Second, I really must know who Simmons thinks IS a famous pro. Because the fourth place finisher, Allen Cunningham, is one of the best in the business. They had a feature at last year's WSOP where they discussed the "first crew" featuring Daniel Negreanu, Phil Ivey, John Juanda, and Cunningham. They asked each member of that crew who they believed was the best of the bunch, and every single one said Cunningham. Cunningham is a guy who has won 4 World Series of Poker bracelets before age 35, and until recently (2004) held the record for the youngest-ever bracelet winner. Add that to his 2005 Toyota Player of the Year crown, and it's simply ludicrious to say that he's not a big-time professional.

This column was complete crap, probably the worst Simmons has ever written. I can't believe he has fallen so far.

Chris said...

Actually, my junior year history teacher didn't believe the Rocky IV as communist toppler theory.
We were assigned a project where we were supposed to pick a historical movie and discuss four scenes with the class and how they correlate with actual events. We chose the following scenes from Rocky IV:
1) Drago kills Apollo (Sputnik)
2) Rocky agrees to fight in Soviet Union (Salt II talks)
3) Gorbachev gives Rocky standing ovation after beating Drago (Hasselhoff plays at fall of Berlin Wall)
4) Rocky gives famous "if I's cans change, you's can change" speech (Soviet coup)
Even with those stellar ideas, our teacher, Ms. Little, refused to allow it. We did Braveheart instead, yet missed all the subtle anti-semitic messages that Mel Gibson had littered throughout.

Anonymous said...

You can't insult Simmons and envy him at the same time.

Sure, Simmons' column is whining. But your blog is a Simmons wannabe.

Chris said...

I have a sneaking suspicion the previous comment was left by Bill Simmons after he found this page while sitting in a darkened room searching his name on Google.

jason said...

you do have some good points, but a lot of them are obscured by your irrational anger. you've written about simmons before, but never with this level of pique. i've read all of simmons' columns and he's never held himself up as a consummate poker player. he's definitely referenced how he's getting better, but not professional level. agreed that he should have been upfront about his entry fee.
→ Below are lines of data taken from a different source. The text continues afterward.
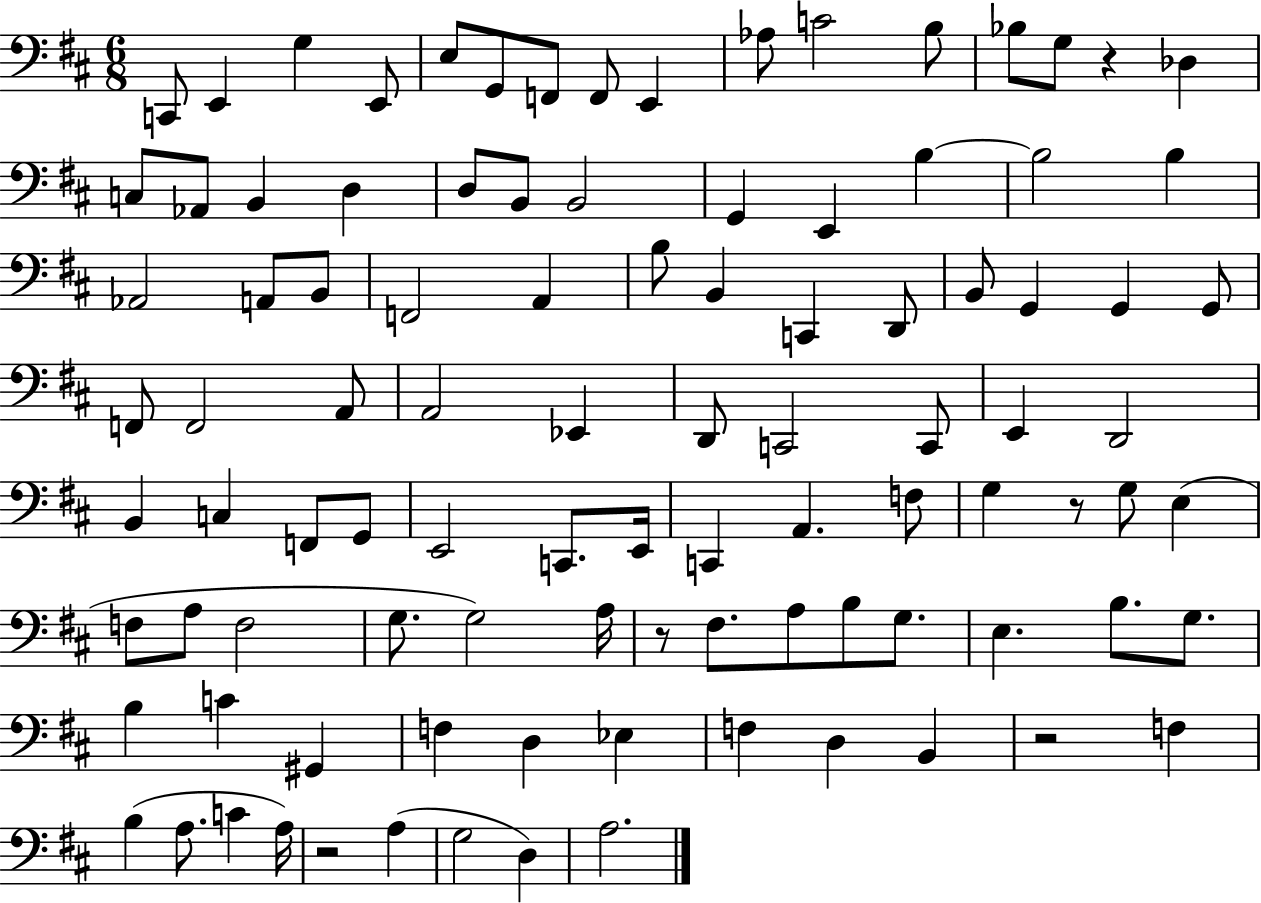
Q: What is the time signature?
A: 6/8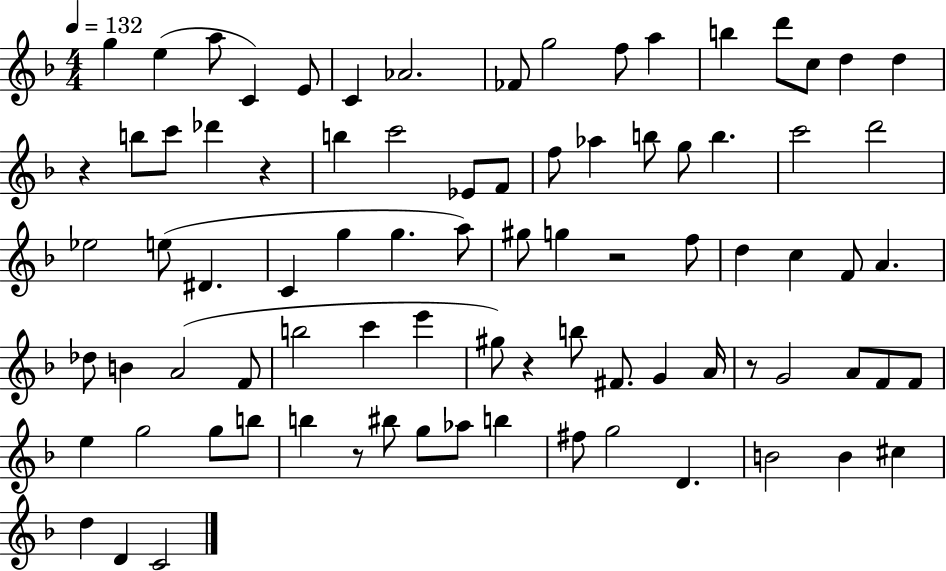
X:1
T:Untitled
M:4/4
L:1/4
K:F
g e a/2 C E/2 C _A2 _F/2 g2 f/2 a b d'/2 c/2 d d z b/2 c'/2 _d' z b c'2 _E/2 F/2 f/2 _a b/2 g/2 b c'2 d'2 _e2 e/2 ^D C g g a/2 ^g/2 g z2 f/2 d c F/2 A _d/2 B A2 F/2 b2 c' e' ^g/2 z b/2 ^F/2 G A/4 z/2 G2 A/2 F/2 F/2 e g2 g/2 b/2 b z/2 ^b/2 g/2 _a/2 b ^f/2 g2 D B2 B ^c d D C2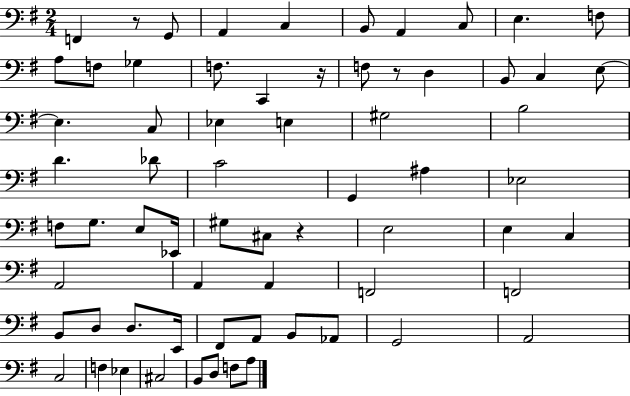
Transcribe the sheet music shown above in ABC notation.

X:1
T:Untitled
M:2/4
L:1/4
K:G
F,, z/2 G,,/2 A,, C, B,,/2 A,, C,/2 E, F,/2 A,/2 F,/2 _G, F,/2 C,, z/4 F,/2 z/2 D, B,,/2 C, E,/2 E, C,/2 _E, E, ^G,2 B,2 D _D/2 C2 G,, ^A, _E,2 F,/2 G,/2 E,/2 _E,,/4 ^G,/2 ^C,/2 z E,2 E, C, A,,2 A,, A,, F,,2 F,,2 B,,/2 D,/2 D,/2 E,,/4 ^F,,/2 A,,/2 B,,/2 _A,,/2 G,,2 A,,2 C,2 F, _E, ^C,2 B,,/2 D,/2 F,/2 A,/2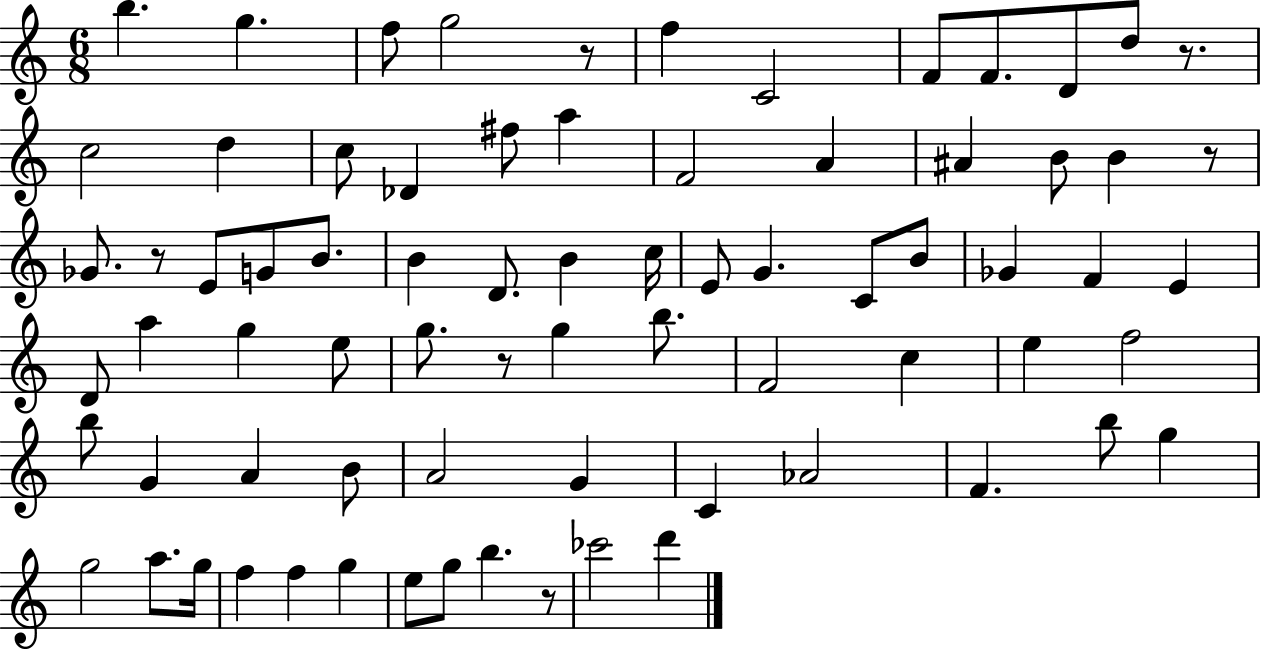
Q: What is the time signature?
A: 6/8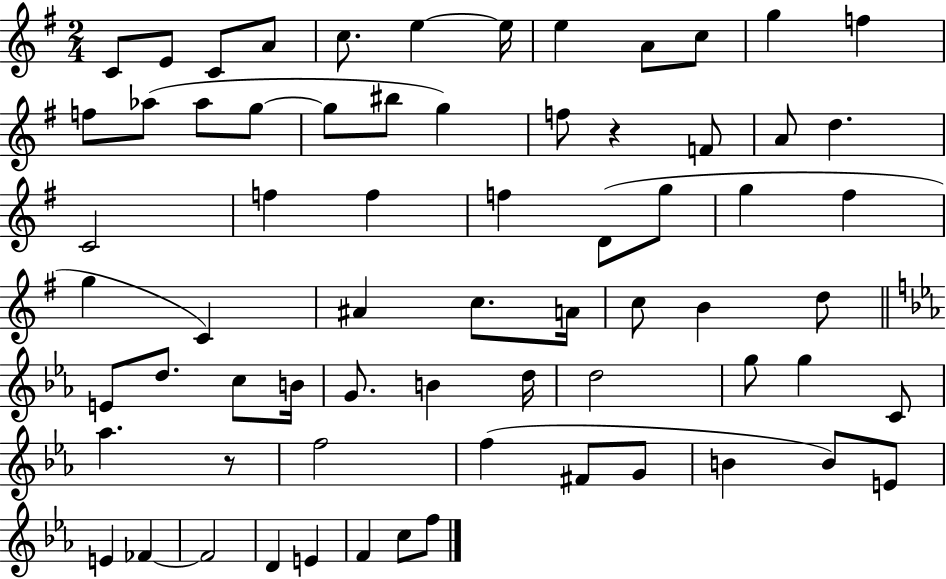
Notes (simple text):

C4/e E4/e C4/e A4/e C5/e. E5/q E5/s E5/q A4/e C5/e G5/q F5/q F5/e Ab5/e Ab5/e G5/e G5/e BIS5/e G5/q F5/e R/q F4/e A4/e D5/q. C4/h F5/q F5/q F5/q D4/e G5/e G5/q F#5/q G5/q C4/q A#4/q C5/e. A4/s C5/e B4/q D5/e E4/e D5/e. C5/e B4/s G4/e. B4/q D5/s D5/h G5/e G5/q C4/e Ab5/q. R/e F5/h F5/q F#4/e G4/e B4/q B4/e E4/e E4/q FES4/q FES4/h D4/q E4/q F4/q C5/e F5/e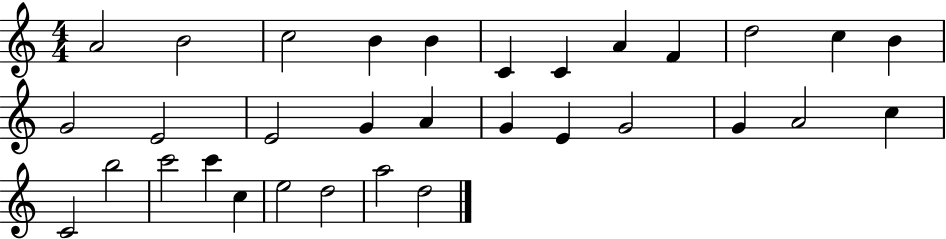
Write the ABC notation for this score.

X:1
T:Untitled
M:4/4
L:1/4
K:C
A2 B2 c2 B B C C A F d2 c B G2 E2 E2 G A G E G2 G A2 c C2 b2 c'2 c' c e2 d2 a2 d2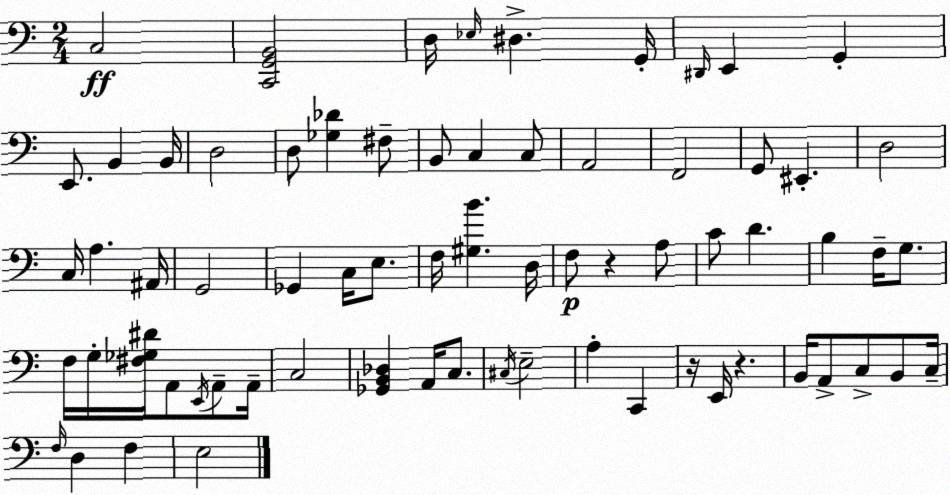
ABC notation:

X:1
T:Untitled
M:2/4
L:1/4
K:Am
C,2 [C,,G,,B,,]2 D,/4 _E,/4 ^D, G,,/4 ^D,,/4 E,, G,, E,,/2 B,, B,,/4 D,2 D,/2 [_G,_D] ^F,/2 B,,/2 C, C,/2 A,,2 F,,2 G,,/2 ^E,, D,2 C,/4 A, ^A,,/4 G,,2 _G,, C,/4 E,/2 F,/4 [^G,B] D,/4 F,/2 z A,/2 C/2 D B, F,/4 G,/2 F,/4 G,/4 [^F,_G,^D]/4 A,,/2 E,,/4 A,,/2 A,,/4 C,2 [_G,,B,,_D,] A,,/4 C,/2 ^C,/4 E,2 A, C,, z/4 E,,/4 z B,,/4 A,,/2 C,/2 B,,/2 C,/4 F,/4 D, F, E,2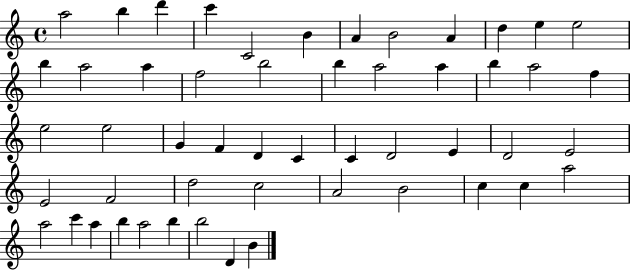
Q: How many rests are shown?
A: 0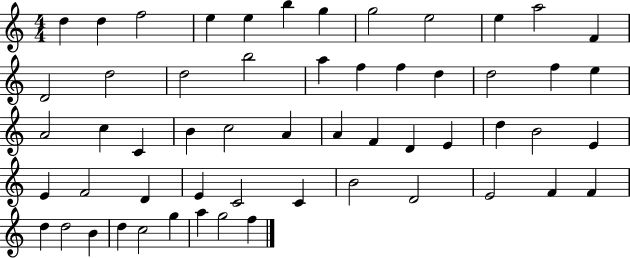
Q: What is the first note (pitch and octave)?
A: D5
a national column about losing on a bad beat is poor form, but he was pretty much obligated to write about it after everyone knew he was in the tournament. also, he's simmons. of course the column will be based around something from "rounders" (which legitimately could be used as the key point where hold 'em became acceptable as mainstream pursuit). i thought this was by-the-book simmons; no more, no less.